## DATA EXCERPTS:
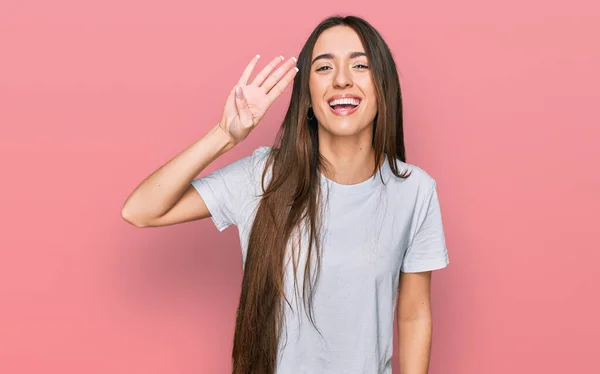 Jong Hispanic Meisje Dragen Casual Wit Shirt Tonen Wijzen Met — Stockfoto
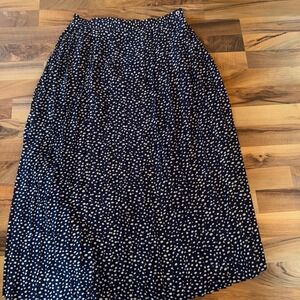 Jones New York Skirt Women's 16 Navy Blue White Polka‎ Dot Pleated Lined classy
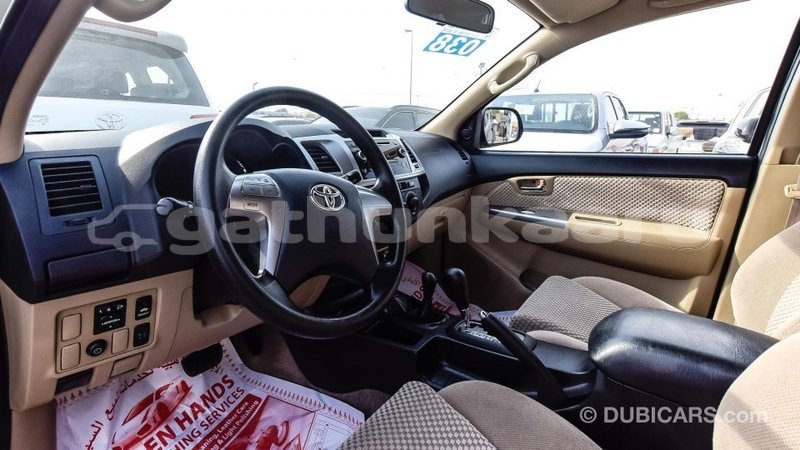 Big with watermark toyota fortuner baa import dubai 1504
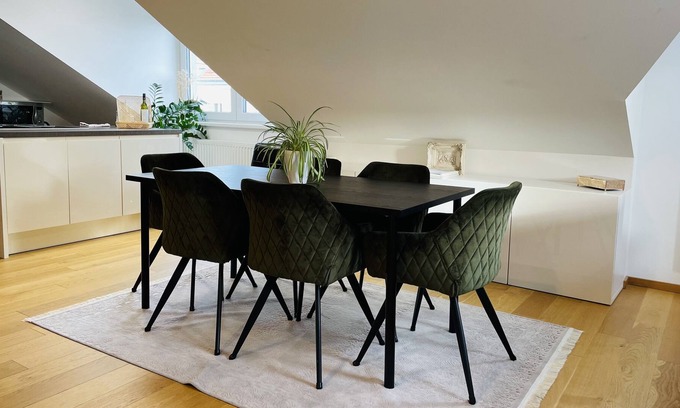 Penzing Apartment | Modern apartment with distant views and garage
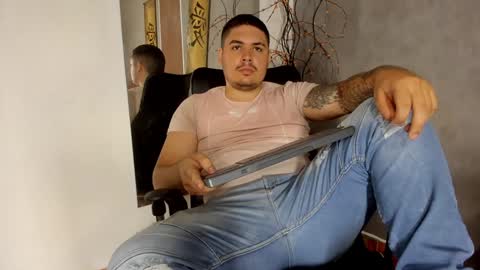 deibyd online show from February 1, 1:51 pm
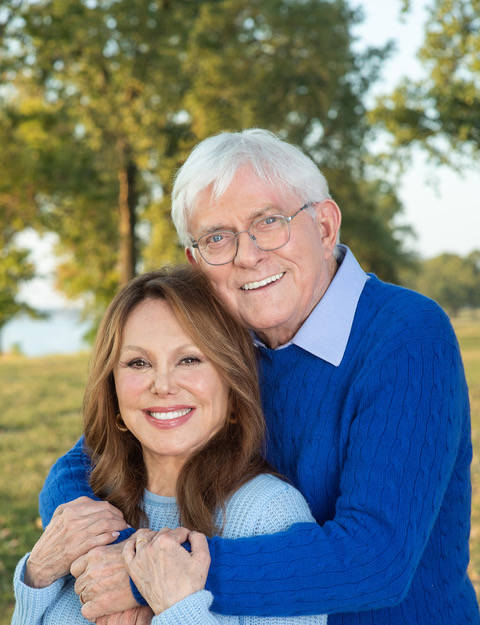 Marlo Thomas, left, and Phil Donahue. (HarperOne)
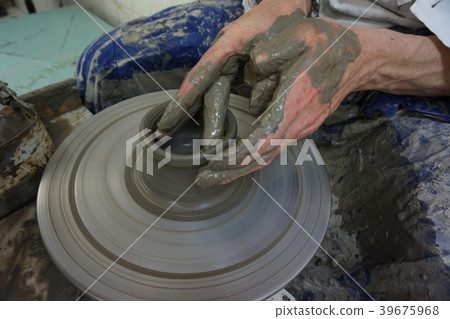 making throwing pottery 39675968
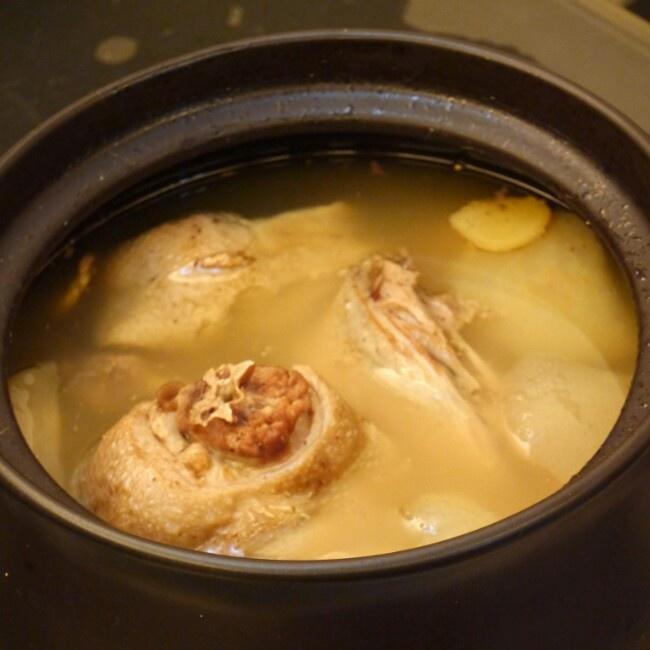 酥梨煨老鸭的做法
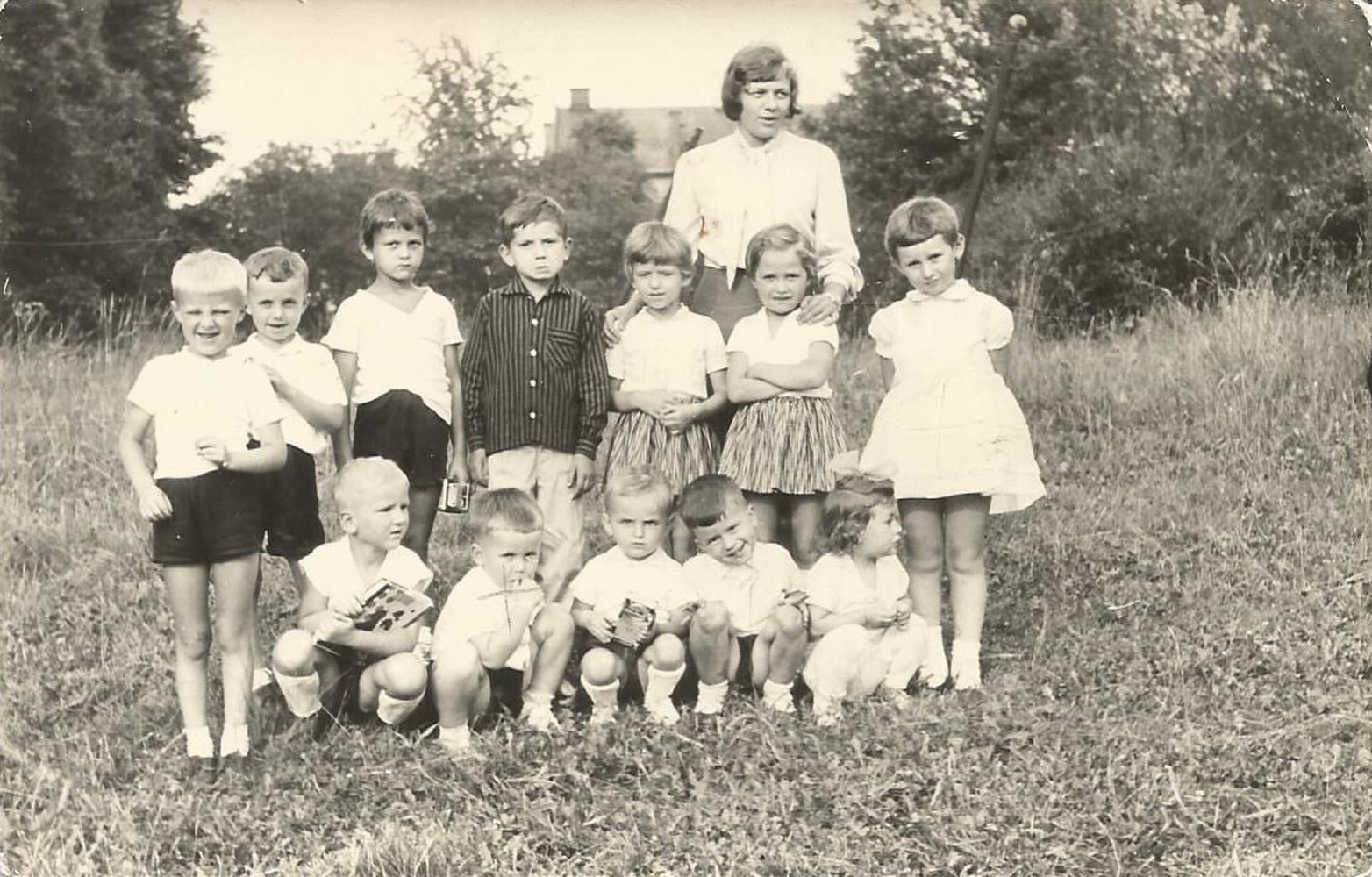 Fotografie z období kdy v domě čp. 1570 sídlila Mateřská škola (VII. Mateřská škola Karviná 2-Solca /1953-1964/). S laskavým svolením p. Hany Sikorové, ze soukromé sbírky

## WHAT YOU HAVE TO DO:
Restate word for word the lines beginning with the one that contains "Marlo Thomas, left, and" and ending with the last line of the listing; pictures stay out.

## COMPLETED EXERCISE:
 Marlo Thomas, left, and Phil Donahue. (HarperOne)
 making throwing pottery 39675968
 酥梨煨老鸭的做法
 Fotografie z období kdy v domě čp. 1570 sídlila Mateřská škola (VII. Mateřská škola Karviná 2-Solca /1953-1964/). S laskavým svolením p. Hany Sikorové, ze soukromé sbírky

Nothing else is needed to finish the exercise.